ホールでは卒業生たちがいくつかのグループを作って、それぞれ楽しそうに盛り上がっていた。
僕と林さんはそのパワーを前にしばし呆然とする。
「自分で言っちゃうのも何ですけど、明らかに僕たちとは違いますねえ」
「あの若さは本物ですね」

卒業生たちも僕たちも同じスーツ姿なのにどこか違う。
彼らはどこから見ても学生で、僕たちは明らかに出入りの業者さんだ。

「だって、みんなスーツのまま地べたに座ってますよ」
林さんが半ば呆れた口調で言う。
「それですよ!林さん。

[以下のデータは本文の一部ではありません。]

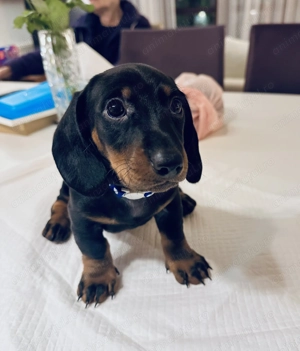 Pui dragalasi de teckel, 7 sapt, deparazitati, 1 vaccin. Genetica superioara. - imagine 3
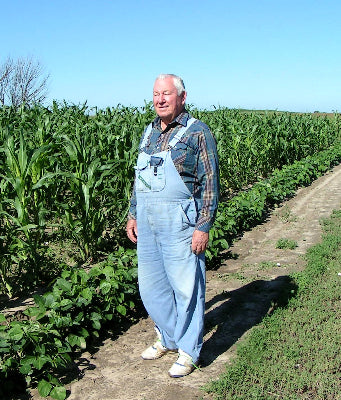 This Stunning, Glass Gem Corn Is All Natural, And Bred From Heritage Seeds cover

僕たちも地べたに座ればいいんですよ」

早速地べたに座って写真撮影。
「携帯をいじったりすると更にそれっぽいかも」
林さんのナイスアドバイスで地べたに座って携帯をいじる。
「じゃあ、写して下さい」
お互いにポーズを決め、カメラを向けあった。


写真

写真

撮影後、デジカメでプレビューしてみる。
「……」
2人とも言葉がない。
どうひいき目に見ても業者臭はぬぐえない。社会に出て10年。僕たちの体には社会のしがらみがこびりついてしまっているのか?もう後戻りは出来ないと言うのか?

 

●さり気なく学生に混じってみる

「ここであきらめたら負けです」
周りを見渡し馴染めそうな学生の姿を探す。
ベンチに向き合って座りながらお弁当を食べている学生を発見。
「あ、僕、あそこに行きますからカメラお願いします」
彼らの背後にまわり、さり気なくポーズを決める。

「どうですか?」
と笑顔で聞くが林さんの顔は曇っている。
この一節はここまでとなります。